Scientific classification
- Kingdom: Animalia
- Phylum: Chordata
- Class: Aves
- Order: Passeriformes
- Family: Turdidae
- Genus: Turdus
- Species: T. obsoletus
- Binomial name: Turdus obsoletus Lawrence, 1862

= Pale-vented thrush =

- Authority: Lawrence, 1862
- Conservation status: LC

Species of bird

The pale-vented thrush (Turdus obsoletus) is a species of bird in the family Turdidae.

It is found in Colombia, Costa Rica, Ecuador, Panama, and Peru.

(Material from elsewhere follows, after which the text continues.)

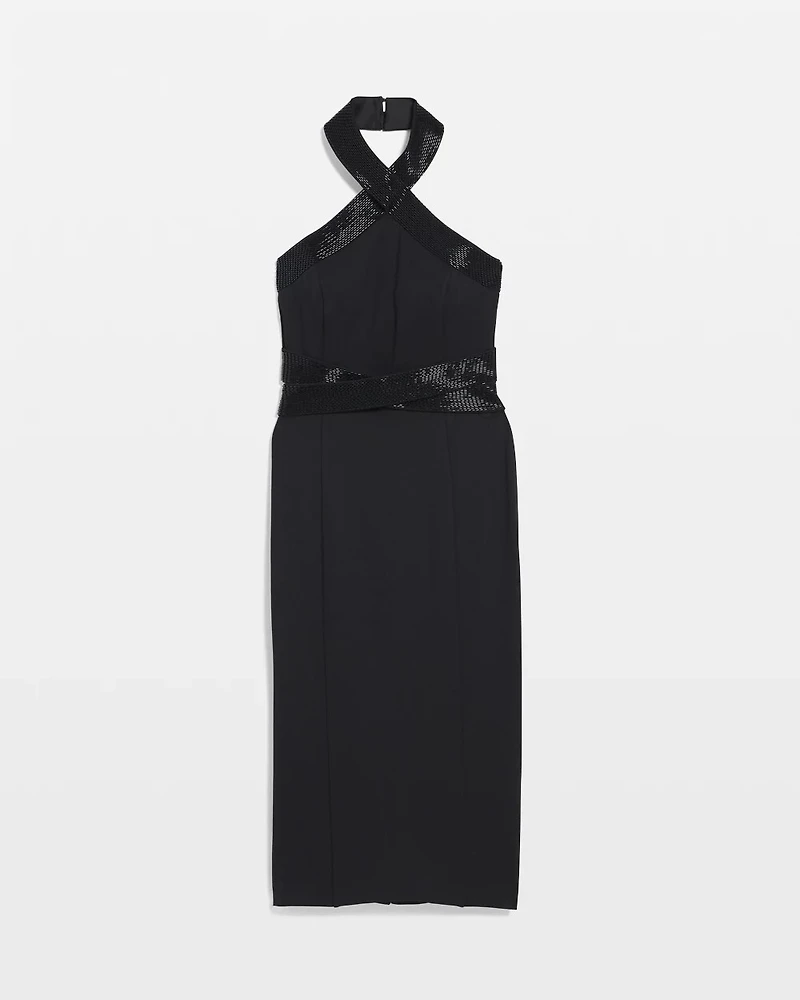 Embellished Halter Midi Dress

Its natural habitats are subtropical or tropical moist lowland forests, subtropical or tropical moist montane forests, and heavily degraded former forest.

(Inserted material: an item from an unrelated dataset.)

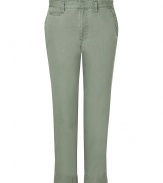 Stylish pants in fine olive cotton - sligtly washed used optic - fashionable slim chino cut with flat front - hip 7/8 length with turn-up - favorite pants for every day, a great alternative for jeans - a hit with a white blouse or cashmere top and ballet flats or pumps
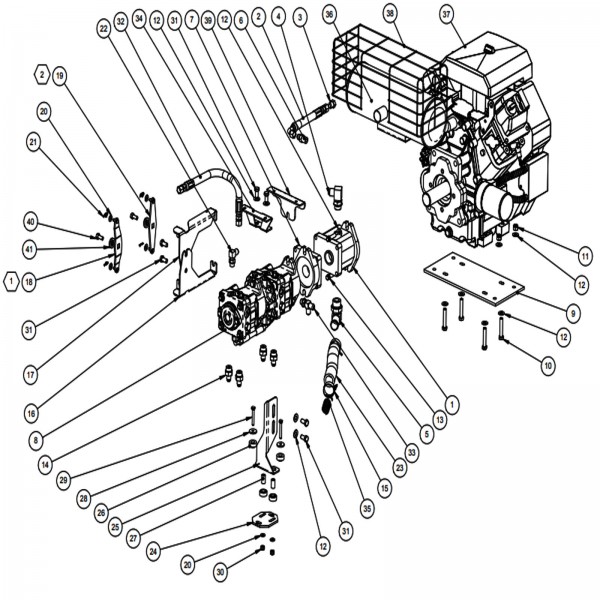 Barreto 00330-K23-T Engine & Pumps Assembly 23 Hp Kohler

== Taxonomy and Systematics ==
The pale‑vented thrush is a species of songbird that belongs to the family Turdidae, genus Turdus.

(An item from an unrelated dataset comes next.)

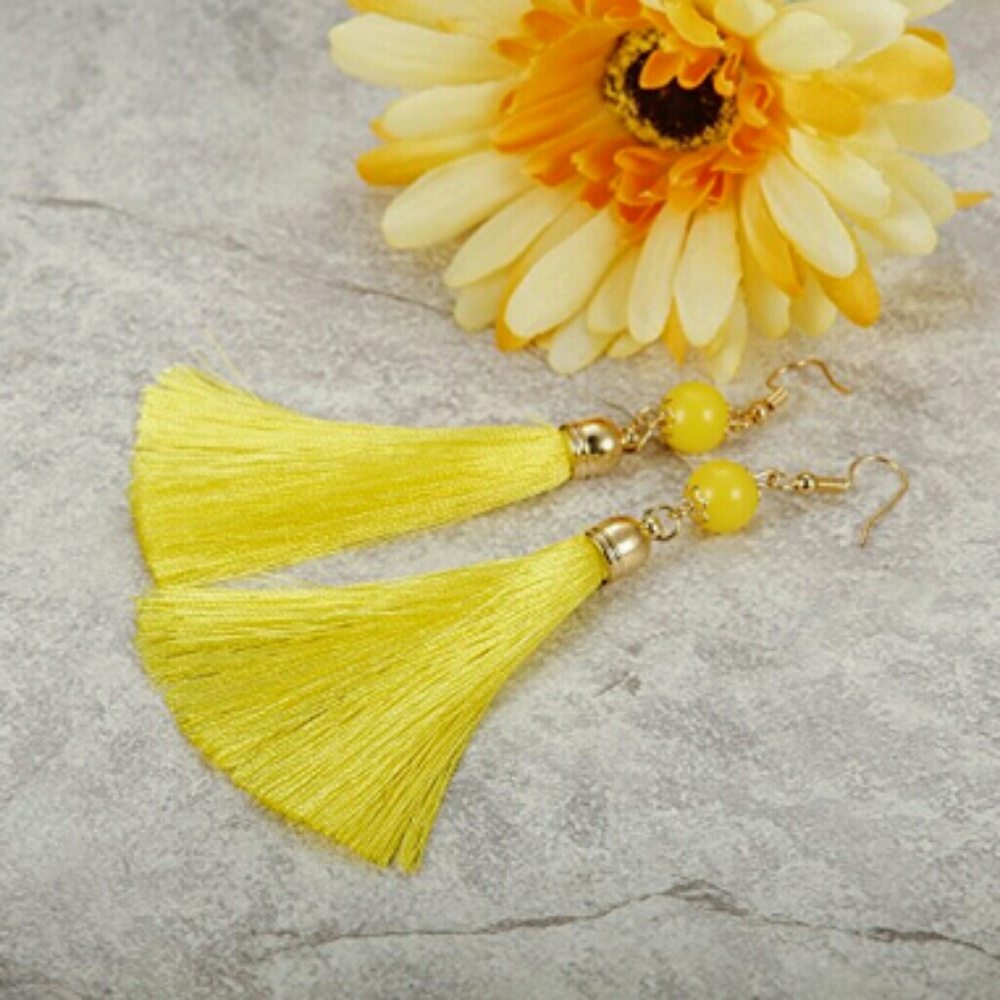 Yellow Thread Long Dangle Tassel Earrings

This species is composed of three subspecies the first being Turdus obsoletus obsoletus which can be found in the Caribbean slope of Costa Rica, Panama, and northwestern Columbia. The second subspecies is the Turdus obsoletus parambanus found in west Columbia and west Ecuador. The last of the subspecies is the Turdus obsoletus colombianus found in the eastern slope of the western Andes in Columbia.

== Description ==
The upper parts of the birds' feathers are brown with the underparts being lighter with a white underside near the tail area and the underside of the wings are pale orange. Both the male and female appearances are similar. The height of the bird ranges from 5cm up to 23cm tall and weighs from 61g to 82g. The subspecies parambanus appearance has a slightly darker brown above area with mainly white belly. The second subspecies colombianus is paler with olive feathers on the breast and underside of the wings.

== General Habitat ==
The pale-vented thrush can be found in lower growth areas inside humid and wet foothills; they can also be found in lower subtropical forests. They often prefer areas that are clear with openings and in gallery forests but also have been spotted at the edges of forests. Outside of breeding season they might be spotted around pasture trees and lower second growth.

== Diet and Foraging ==
The Pale-vented thrush has a diet consisting of berries, invertebrates, and fruits from plants in the area they are found like from Lauraceae plants. They forage in trees and occasionally on the ground through leaf litter and will do this in groups with other bird species sometimes.

== Population ==
The number of adult pale-vented thrush as of 2019 ranges between 500,000 up to 4,999,999 with the population trends at this time showing the number of them as decreasing. With their population decreasing they are still classified as a part of the least concern according to the IUCN. They are more common in Central America, and more rare in Ecuador.